WHAT YOU HAVE TO DO:
The answer must restate the listing word for word, without its images.

[[ SUPPLIED ENTRIES open ]]

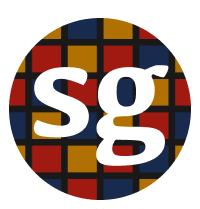 Selfgazer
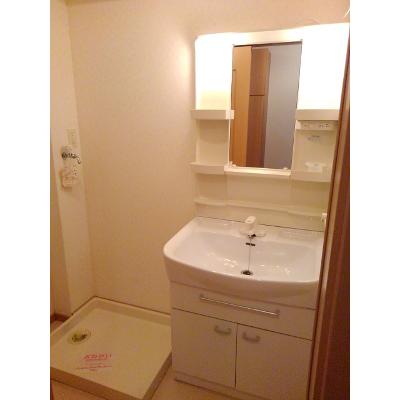 アンシャレットＢ棟 102【管理NO：1-014040702-01020】 ★家具家電は申し込み後に搬入しますの物件画像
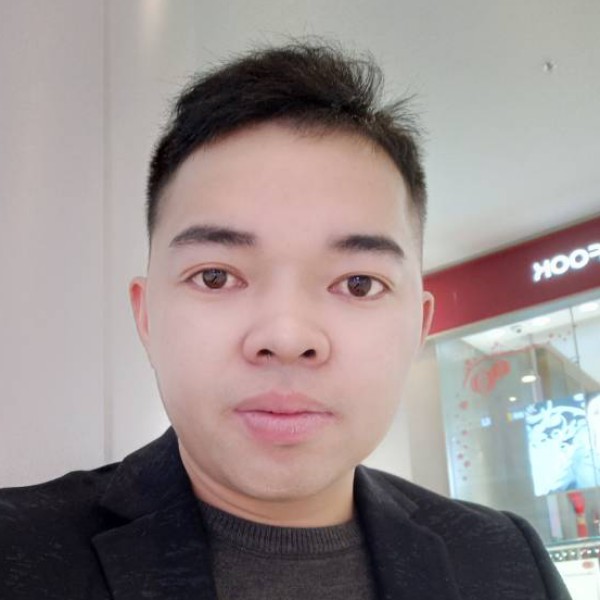 你丢心的照片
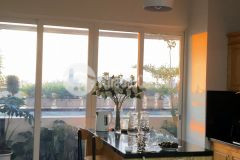 Bán căn hộ chung cư c14 bắc hà, diện tích rộng 132m², 3 phòng ngủ, 2 vệ sinh giá chỉ hơn 8 tỷ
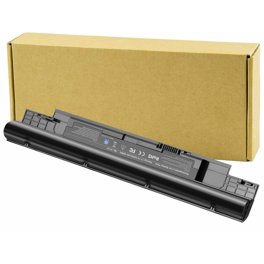 Battery For Dell Inspiron 15R 3521 5521 5537 N3521 N5521 N5537 17 3721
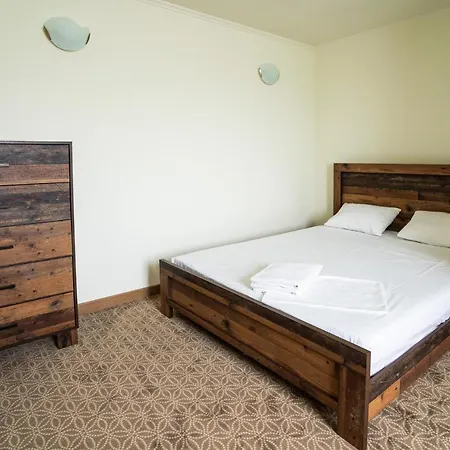 Casa Petra Венус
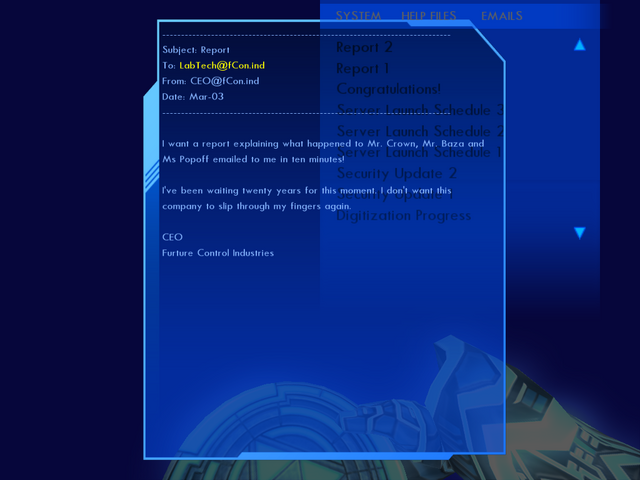 File:074 Report 1.png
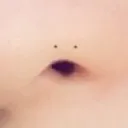 _kl.07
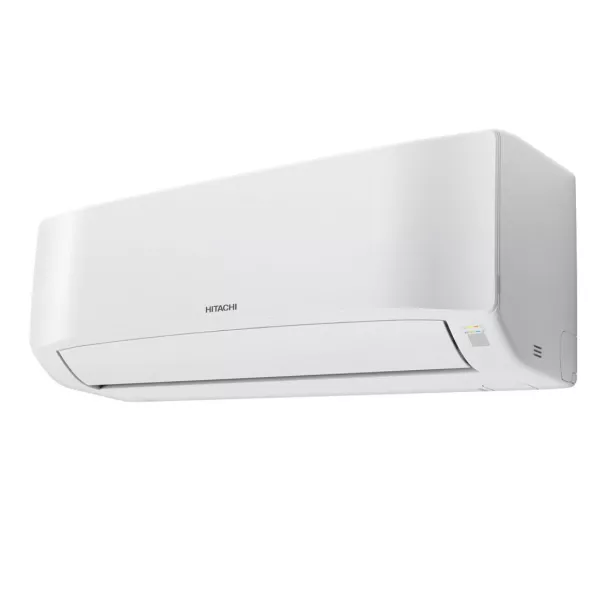 Hitachi RAK-DJ18PHAE/RAC-DJ18PHAE внутренний блок сплит системы, фото 2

[[ SUPPLIED ENTRIES closed ]]

EXERCISE ANSWER:
 Selfgazer
 アンシャレットＢ棟 102【管理NO：1-014040702-01020】 ★家具家電は申し込み後に搬入しますの物件画像
 你丢心的照片
 Bán căn hộ chung cư c14 bắc hà, diện tích rộng 132m², 3 phòng ngủ, 2 vệ sinh giá chỉ hơn 8 tỷ
 Battery For Dell Inspiron 15R 3521 5521 5537 N3521 N5521 N5537 17 3721
 Casa Petra Венус
 File:074 Report 1.png
 _kl.07
 Hitachi RAK-DJ18PHAE/RAC-DJ18PHAE внутренний блок сплит системы, фото 2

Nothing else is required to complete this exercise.